____ Data section
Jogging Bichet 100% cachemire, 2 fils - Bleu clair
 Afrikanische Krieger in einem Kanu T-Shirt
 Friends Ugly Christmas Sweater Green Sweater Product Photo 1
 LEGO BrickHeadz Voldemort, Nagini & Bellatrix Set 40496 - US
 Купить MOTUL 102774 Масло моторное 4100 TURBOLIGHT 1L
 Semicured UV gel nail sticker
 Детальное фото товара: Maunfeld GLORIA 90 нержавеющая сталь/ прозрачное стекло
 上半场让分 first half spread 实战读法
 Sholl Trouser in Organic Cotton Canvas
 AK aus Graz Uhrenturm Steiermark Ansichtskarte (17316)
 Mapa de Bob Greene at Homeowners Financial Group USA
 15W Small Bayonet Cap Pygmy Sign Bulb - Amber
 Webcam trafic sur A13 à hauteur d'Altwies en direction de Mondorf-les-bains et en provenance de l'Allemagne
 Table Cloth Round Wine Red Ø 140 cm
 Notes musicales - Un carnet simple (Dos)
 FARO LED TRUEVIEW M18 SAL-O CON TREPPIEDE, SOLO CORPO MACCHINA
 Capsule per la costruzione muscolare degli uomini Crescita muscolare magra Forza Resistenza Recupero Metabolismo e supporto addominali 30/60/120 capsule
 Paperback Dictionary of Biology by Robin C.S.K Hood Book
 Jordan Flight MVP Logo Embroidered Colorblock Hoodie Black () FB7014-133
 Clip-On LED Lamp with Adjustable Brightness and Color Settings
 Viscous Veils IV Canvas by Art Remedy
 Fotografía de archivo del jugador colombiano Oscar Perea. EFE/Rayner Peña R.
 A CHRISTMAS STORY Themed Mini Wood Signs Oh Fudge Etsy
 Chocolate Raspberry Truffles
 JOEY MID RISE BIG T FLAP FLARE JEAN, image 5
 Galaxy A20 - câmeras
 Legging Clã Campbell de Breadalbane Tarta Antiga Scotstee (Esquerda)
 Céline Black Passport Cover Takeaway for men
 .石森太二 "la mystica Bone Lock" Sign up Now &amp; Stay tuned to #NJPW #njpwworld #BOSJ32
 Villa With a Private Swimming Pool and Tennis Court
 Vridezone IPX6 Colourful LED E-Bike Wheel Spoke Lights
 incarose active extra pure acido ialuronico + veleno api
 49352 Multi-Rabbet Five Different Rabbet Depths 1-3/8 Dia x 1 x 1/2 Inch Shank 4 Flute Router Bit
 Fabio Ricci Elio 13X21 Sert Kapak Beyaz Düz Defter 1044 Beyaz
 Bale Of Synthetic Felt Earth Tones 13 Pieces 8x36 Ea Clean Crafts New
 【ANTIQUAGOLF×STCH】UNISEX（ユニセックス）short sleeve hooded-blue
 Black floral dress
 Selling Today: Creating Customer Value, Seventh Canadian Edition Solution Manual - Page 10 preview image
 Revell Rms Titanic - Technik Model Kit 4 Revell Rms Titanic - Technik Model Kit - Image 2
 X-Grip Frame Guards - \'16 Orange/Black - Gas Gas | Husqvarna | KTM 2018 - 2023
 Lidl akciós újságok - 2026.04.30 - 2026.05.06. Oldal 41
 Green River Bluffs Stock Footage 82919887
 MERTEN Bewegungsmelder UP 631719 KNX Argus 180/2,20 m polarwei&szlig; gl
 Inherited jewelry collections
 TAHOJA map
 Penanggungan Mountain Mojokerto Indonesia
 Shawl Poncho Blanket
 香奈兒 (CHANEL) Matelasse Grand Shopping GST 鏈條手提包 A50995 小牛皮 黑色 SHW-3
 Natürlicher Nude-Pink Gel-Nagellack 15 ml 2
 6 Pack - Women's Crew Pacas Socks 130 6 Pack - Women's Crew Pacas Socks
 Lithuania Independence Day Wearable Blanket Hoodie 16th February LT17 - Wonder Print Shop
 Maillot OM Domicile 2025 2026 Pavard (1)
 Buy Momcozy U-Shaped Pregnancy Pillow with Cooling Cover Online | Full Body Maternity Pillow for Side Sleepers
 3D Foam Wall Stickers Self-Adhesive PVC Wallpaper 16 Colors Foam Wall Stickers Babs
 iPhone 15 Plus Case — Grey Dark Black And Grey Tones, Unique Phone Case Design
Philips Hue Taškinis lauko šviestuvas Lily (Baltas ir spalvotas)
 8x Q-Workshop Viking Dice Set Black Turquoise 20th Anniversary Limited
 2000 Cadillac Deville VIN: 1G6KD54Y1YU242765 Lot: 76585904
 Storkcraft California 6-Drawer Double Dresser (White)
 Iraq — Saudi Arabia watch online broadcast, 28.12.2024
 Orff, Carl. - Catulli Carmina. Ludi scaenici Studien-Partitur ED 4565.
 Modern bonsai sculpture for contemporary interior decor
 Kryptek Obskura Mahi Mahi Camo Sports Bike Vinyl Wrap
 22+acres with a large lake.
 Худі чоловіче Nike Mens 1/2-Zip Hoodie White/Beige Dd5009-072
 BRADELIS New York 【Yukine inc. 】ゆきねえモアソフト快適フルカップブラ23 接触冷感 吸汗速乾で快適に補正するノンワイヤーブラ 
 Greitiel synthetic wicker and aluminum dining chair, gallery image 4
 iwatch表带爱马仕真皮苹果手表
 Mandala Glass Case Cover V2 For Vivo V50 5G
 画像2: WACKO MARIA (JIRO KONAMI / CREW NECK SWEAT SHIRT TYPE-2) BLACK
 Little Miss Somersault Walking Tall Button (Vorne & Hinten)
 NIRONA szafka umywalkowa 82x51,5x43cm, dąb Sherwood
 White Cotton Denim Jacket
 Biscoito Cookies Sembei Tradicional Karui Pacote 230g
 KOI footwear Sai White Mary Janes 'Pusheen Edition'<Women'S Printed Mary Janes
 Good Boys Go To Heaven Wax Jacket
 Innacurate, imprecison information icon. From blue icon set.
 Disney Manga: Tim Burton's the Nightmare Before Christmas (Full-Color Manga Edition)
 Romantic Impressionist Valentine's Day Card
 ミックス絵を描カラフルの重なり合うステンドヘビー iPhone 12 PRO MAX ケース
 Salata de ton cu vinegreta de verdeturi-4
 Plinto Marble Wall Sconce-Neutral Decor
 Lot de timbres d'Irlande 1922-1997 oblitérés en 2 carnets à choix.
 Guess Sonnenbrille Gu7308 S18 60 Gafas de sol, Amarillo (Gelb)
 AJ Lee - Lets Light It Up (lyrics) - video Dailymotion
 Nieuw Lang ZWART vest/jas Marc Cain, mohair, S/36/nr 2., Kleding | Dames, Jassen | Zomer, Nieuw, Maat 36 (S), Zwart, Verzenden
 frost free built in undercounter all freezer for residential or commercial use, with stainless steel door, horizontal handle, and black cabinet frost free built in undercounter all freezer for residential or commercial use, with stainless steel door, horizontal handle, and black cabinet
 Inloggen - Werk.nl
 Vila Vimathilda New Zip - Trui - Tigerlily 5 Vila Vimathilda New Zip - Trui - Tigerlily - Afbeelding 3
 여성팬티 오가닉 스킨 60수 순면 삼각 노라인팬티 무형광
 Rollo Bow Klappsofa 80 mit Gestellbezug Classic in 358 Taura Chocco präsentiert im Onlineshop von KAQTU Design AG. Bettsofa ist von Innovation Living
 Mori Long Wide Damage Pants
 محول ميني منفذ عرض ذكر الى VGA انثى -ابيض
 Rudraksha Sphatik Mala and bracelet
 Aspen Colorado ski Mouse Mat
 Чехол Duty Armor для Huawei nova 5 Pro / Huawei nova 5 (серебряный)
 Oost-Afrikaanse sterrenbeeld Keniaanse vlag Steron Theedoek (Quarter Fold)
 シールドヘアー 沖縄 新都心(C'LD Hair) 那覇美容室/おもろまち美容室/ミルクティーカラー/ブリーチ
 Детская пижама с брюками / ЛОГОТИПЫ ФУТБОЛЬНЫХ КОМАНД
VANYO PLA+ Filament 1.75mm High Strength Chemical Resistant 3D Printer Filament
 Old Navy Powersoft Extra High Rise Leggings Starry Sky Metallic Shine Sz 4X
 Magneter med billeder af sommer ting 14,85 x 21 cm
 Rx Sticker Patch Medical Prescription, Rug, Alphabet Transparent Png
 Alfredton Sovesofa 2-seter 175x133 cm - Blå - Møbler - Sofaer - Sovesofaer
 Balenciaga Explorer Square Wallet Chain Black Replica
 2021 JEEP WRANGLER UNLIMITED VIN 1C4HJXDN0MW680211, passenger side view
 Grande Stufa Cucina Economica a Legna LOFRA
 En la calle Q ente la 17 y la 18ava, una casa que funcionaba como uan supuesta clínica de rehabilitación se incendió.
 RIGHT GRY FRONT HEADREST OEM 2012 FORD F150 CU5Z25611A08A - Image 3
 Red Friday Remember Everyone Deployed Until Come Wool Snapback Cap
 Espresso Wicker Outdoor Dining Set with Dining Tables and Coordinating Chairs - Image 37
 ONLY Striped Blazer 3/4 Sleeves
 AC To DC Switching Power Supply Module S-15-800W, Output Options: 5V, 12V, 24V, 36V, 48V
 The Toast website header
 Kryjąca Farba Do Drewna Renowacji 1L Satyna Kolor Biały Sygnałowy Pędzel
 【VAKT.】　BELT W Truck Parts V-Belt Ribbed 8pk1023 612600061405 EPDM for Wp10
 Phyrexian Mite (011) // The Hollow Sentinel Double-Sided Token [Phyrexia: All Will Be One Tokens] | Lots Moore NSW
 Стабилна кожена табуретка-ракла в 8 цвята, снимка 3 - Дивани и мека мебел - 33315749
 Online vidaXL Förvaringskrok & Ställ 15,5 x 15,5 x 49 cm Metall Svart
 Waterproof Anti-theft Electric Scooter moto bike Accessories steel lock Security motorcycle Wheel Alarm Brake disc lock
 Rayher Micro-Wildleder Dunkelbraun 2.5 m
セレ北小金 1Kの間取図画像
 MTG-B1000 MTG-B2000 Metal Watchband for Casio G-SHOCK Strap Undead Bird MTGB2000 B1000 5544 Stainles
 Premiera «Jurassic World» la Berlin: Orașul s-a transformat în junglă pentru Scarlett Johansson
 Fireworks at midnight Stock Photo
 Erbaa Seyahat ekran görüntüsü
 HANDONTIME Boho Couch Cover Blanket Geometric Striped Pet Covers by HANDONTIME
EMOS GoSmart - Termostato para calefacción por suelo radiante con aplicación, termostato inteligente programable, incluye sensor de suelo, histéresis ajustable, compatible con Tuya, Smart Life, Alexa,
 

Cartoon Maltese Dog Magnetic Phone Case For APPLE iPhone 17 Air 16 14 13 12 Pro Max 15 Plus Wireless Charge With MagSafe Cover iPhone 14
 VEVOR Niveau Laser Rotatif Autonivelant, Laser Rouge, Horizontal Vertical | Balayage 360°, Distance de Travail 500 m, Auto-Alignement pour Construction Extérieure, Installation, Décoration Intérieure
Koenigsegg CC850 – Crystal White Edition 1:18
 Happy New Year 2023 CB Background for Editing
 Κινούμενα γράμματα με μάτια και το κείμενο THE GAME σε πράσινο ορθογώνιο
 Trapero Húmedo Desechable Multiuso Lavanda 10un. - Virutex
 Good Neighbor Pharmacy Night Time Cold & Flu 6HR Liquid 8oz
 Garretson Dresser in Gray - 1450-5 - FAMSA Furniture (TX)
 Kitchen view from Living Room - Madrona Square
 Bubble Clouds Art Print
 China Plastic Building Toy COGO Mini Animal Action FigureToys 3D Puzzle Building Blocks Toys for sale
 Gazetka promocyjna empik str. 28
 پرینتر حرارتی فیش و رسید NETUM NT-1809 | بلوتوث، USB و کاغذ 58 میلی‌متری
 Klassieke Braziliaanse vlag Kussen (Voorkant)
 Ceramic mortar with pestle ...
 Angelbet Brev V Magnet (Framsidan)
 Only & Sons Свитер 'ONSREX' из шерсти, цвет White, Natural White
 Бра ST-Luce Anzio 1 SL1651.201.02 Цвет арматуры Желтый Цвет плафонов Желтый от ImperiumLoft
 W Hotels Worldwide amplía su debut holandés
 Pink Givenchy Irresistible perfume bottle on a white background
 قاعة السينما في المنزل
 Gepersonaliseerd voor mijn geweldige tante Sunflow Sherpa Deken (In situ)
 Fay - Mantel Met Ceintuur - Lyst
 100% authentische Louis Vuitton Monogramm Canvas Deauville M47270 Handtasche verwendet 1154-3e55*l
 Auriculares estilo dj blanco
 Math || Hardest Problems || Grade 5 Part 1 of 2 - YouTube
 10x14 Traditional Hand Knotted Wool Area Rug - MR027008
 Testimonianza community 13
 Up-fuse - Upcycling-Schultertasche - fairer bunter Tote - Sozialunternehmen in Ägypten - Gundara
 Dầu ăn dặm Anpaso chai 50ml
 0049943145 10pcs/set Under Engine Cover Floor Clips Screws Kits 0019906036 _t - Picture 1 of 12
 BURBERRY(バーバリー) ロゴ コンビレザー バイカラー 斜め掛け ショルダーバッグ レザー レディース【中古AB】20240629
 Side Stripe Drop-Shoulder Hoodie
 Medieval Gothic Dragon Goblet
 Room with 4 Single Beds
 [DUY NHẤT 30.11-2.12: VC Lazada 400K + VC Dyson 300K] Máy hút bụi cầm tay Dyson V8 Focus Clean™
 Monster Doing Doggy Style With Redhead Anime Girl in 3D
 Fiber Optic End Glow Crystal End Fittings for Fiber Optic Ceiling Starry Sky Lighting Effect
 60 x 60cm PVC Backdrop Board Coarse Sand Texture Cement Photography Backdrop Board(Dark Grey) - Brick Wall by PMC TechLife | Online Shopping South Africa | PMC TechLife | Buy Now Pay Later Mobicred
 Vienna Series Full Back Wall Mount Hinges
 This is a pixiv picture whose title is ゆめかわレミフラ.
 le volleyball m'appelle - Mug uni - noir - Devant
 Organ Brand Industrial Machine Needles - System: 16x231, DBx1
________
Set down exactly the lines of the data above, beginning with the line that has "ONLY Striped Blazer 3/4 Sleeves" and ending with the line that has "Kryjąca Farba Do", and no others.

Exercise answer >>
 ONLY Striped Blazer 3/4 Sleeves
 AC To DC Switching Power Supply Module S-15-800W, Output Options: 5V, 12V, 24V, 36V, 48V
 The Toast website header
 Kryjąca Farba Do Drewna Renowacji 1L Satyna Kolor Biały Sygnałowy Pędzel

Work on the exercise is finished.